The Independent Communications Authority of South Africa (ICASA) said it was doing a review of its sports broadcasting regulations because the last time this had been done was in 2010. It had met with a number of sports federations to acquire information to understand the business models of the federation bodies and to see how the public’s interest could best be served in the revised regulations. It said that the subscription broadcasting services could not acquire exclusive rights that prevented or hindered the free-to-air broadcasting of national sporting events, as identified in the public interest from time to time by the ICASA, after consulting with the Ministers of Communications and Sport and in accordance with the regulations prescribed by the ICASA. It referred to the dispute resolution mechanisms, and explained the terms ‘broadcast live’, ‘delayed live’ and ‘delayed,’ and the public’s interest. New draft regulations would be published by the end of November 2018, and thereafter the public would be invited to submit inputs by the end of January 2019. The regulations would be published by the end of the financial year.
Members wanted ICASA to justify the long time it had taken before starting the review. How seriously was ICASA at risk to sports bodies with deep pockets? To what extent did international contracts for listed events adhere to SA law? Could ICASA comment on indigenous sports?
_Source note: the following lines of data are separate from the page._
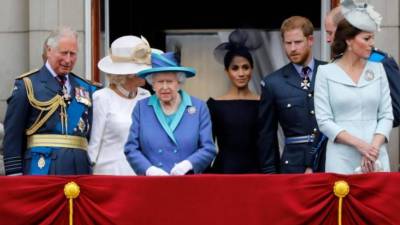 El complot del príncipe Carlos y William para apurar la salida de Andrés y Harry de la realeza británica El complot del príncipe Carlos y William para apurar la salida de Andrés y Harry de la realeza británica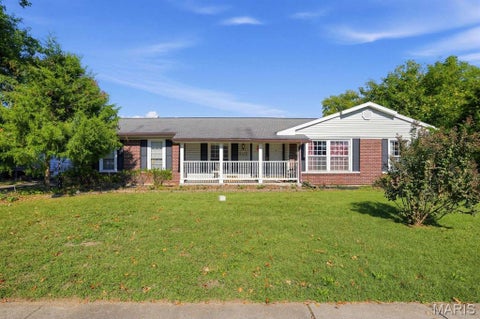 Photo of 3102 Wintergreen Drive, Florissant, MO 63033 (MLS # 26067909)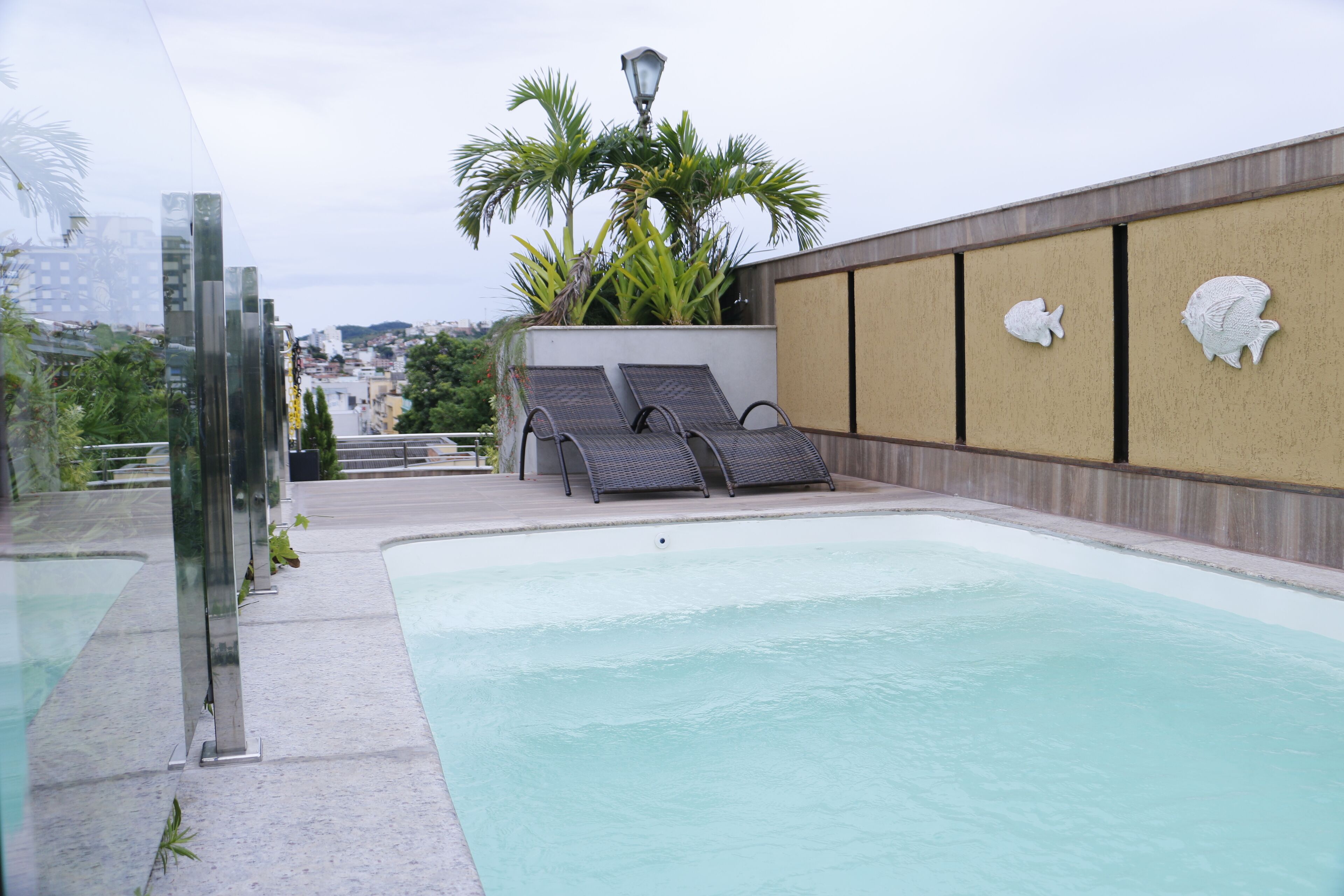 Piscina externa, funciona das 10h às 17h, espreguiçadeiras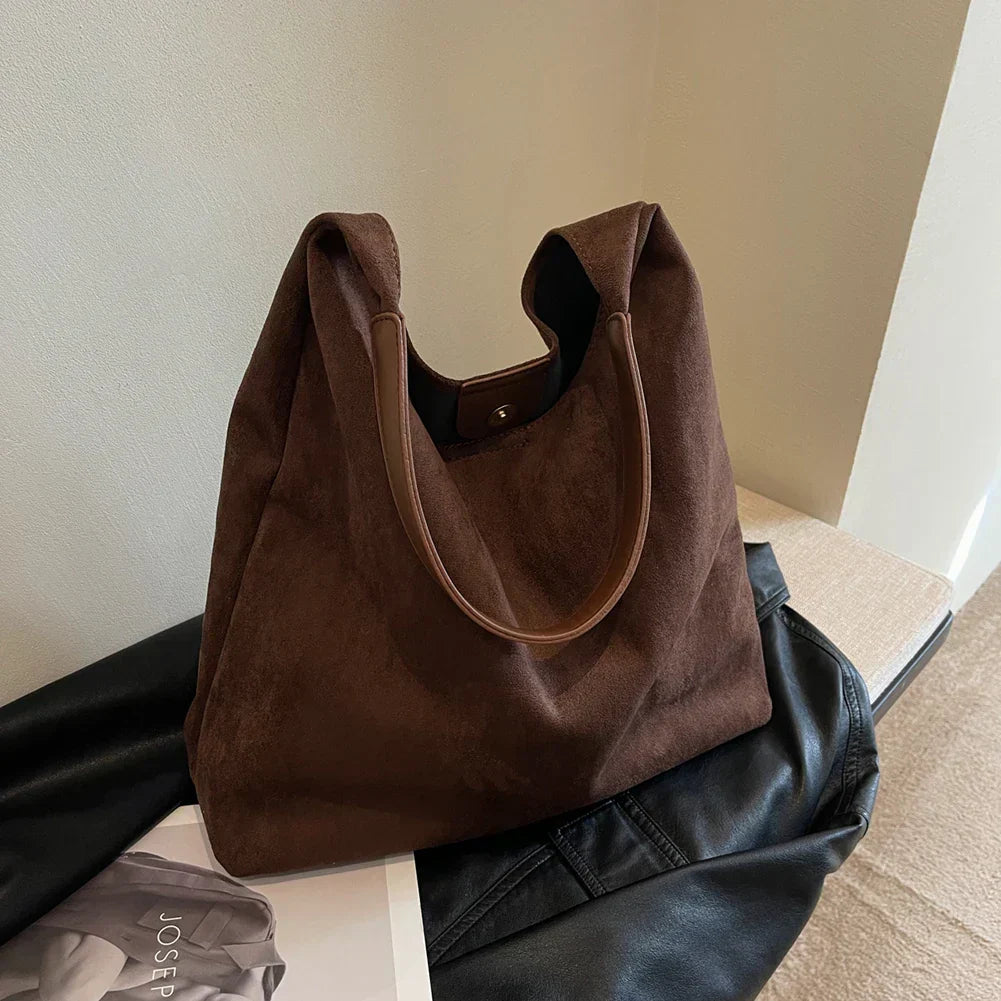 LACY | SUEDE TOTE BAG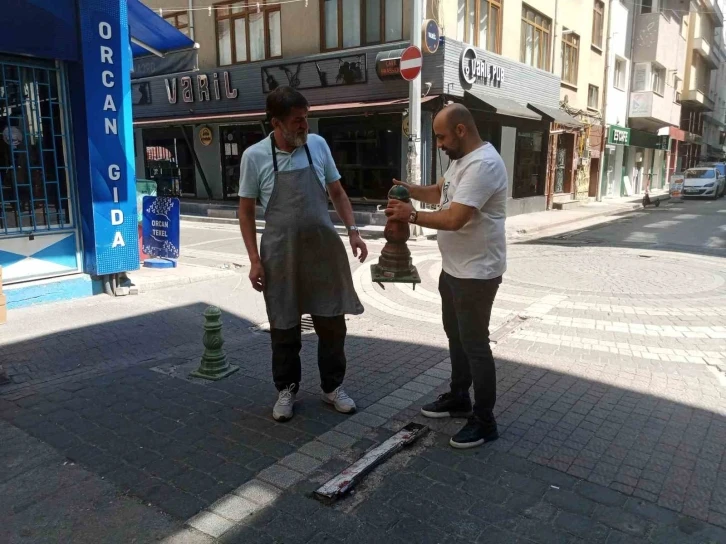 Trafiğe kapalı olmasına rağmen her çeşit aracın işgal ettiği sokaktaki esnaf kendi çözümünü üretti
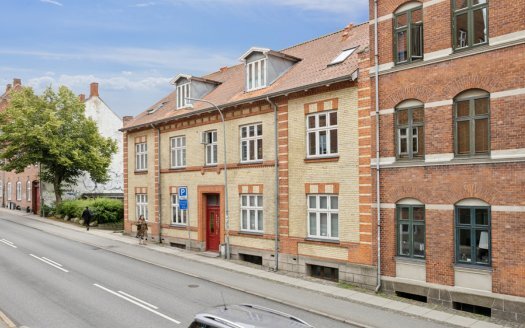 Til ejendomme (5)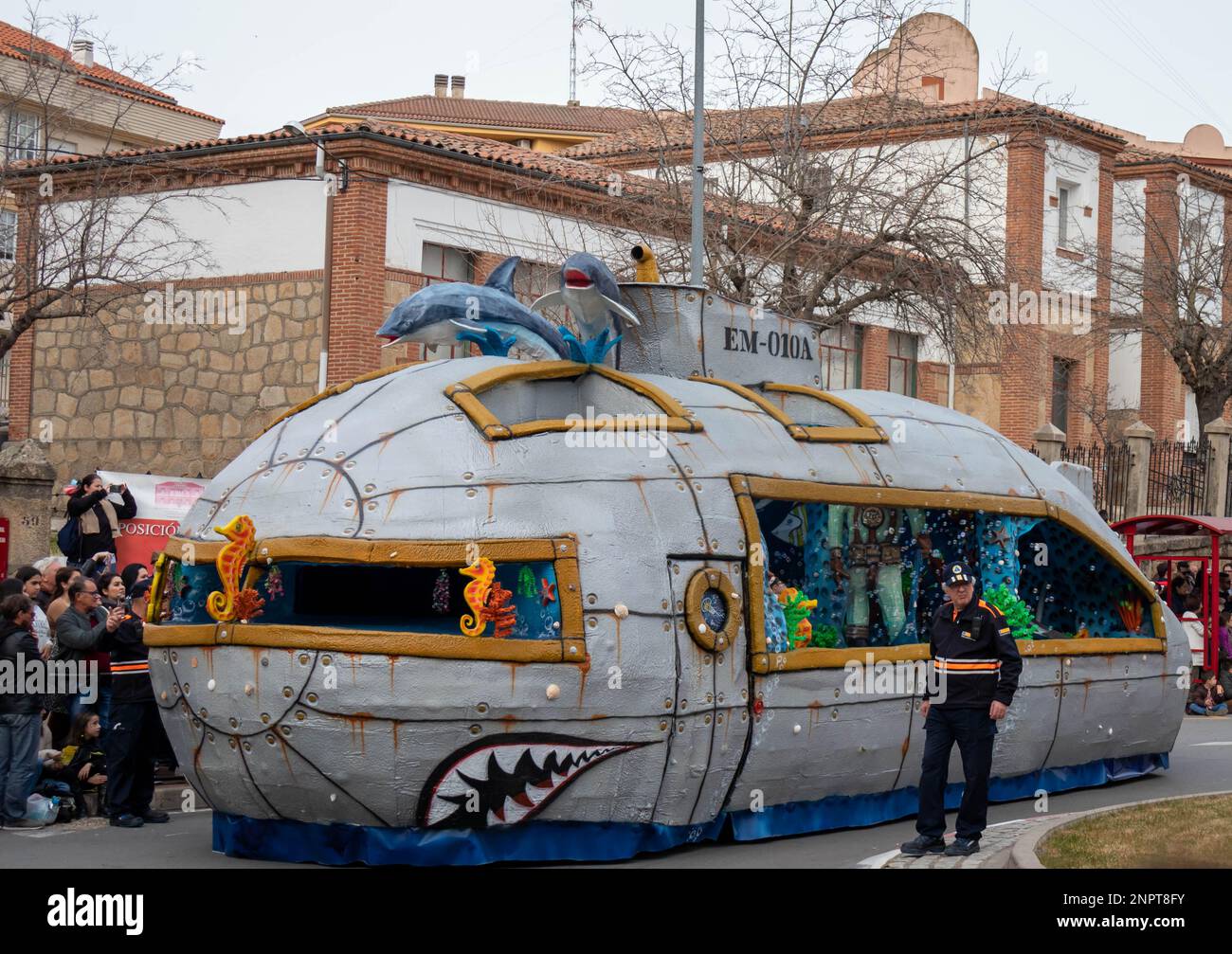 Carroza de submarino en el desfile de Carnaval de Navalmoral, España Stockfoto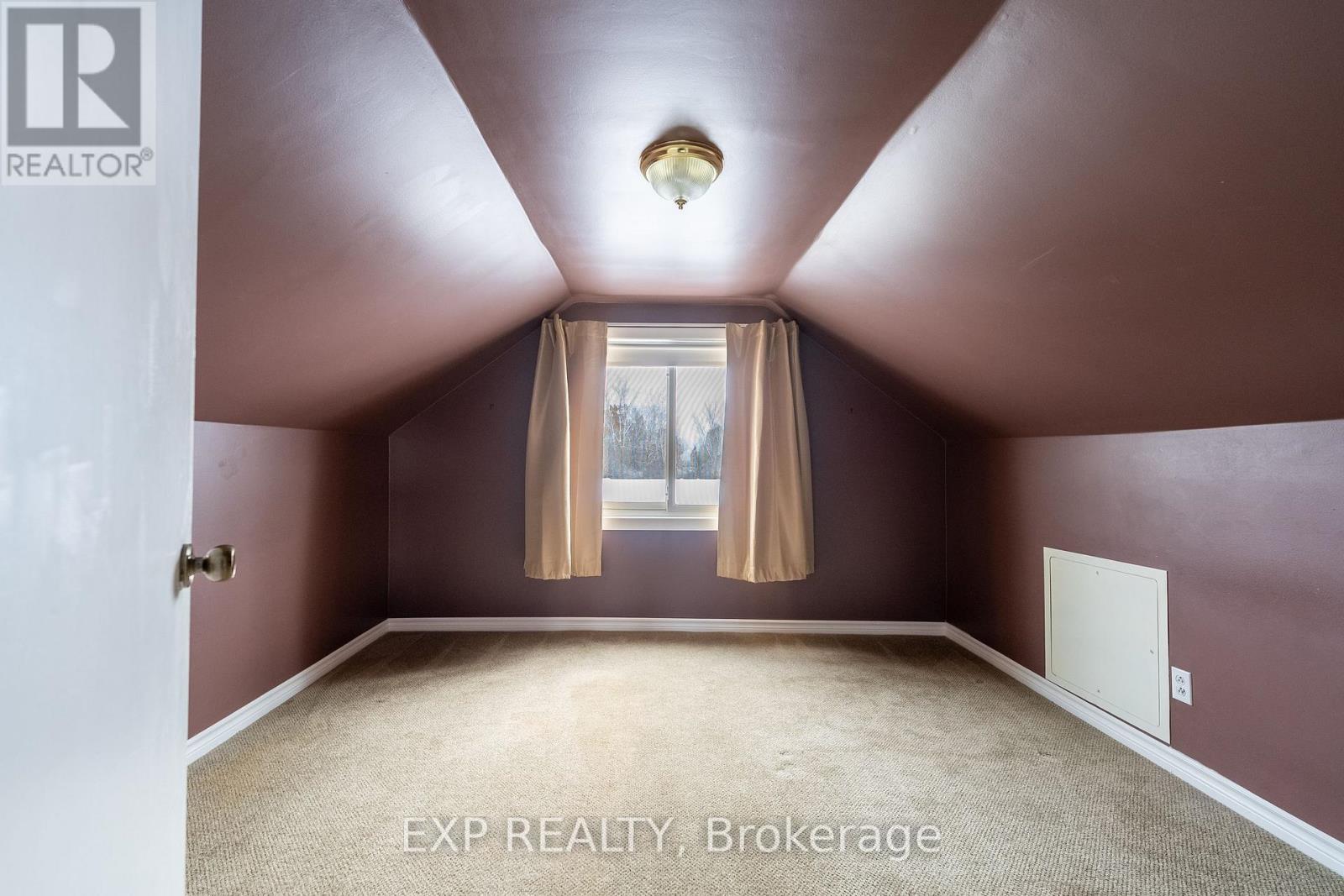 742 Broadway Street, Welland, Ontario L3C 5M8 - Photo 27 - X12554256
Members said the law governing broadcasting services said subscription broadcasting services may not acquire exclusive rights to prevent or hinder the broadcast of national sporting events, yet the SA Broadcasting Corporation (SABC) had never disputed contraventions of this law. The regulations should include a list of what national sporting events this law applied to, and the list of events should be included in the SABC’s policy to protect the SABC. Members said the dispute between the SABC and SAFA could not wait until the end of the financial year to be resolved. They asked if ICASA was going to all nine provinces for the public hearings, because they were not sure that this could be done in one month. The Regulator should put in place mechanisms to ensure that the ‘bigger pockets’ did not monopolise the acquiring of sports rights because of the role sport played in uniting the country.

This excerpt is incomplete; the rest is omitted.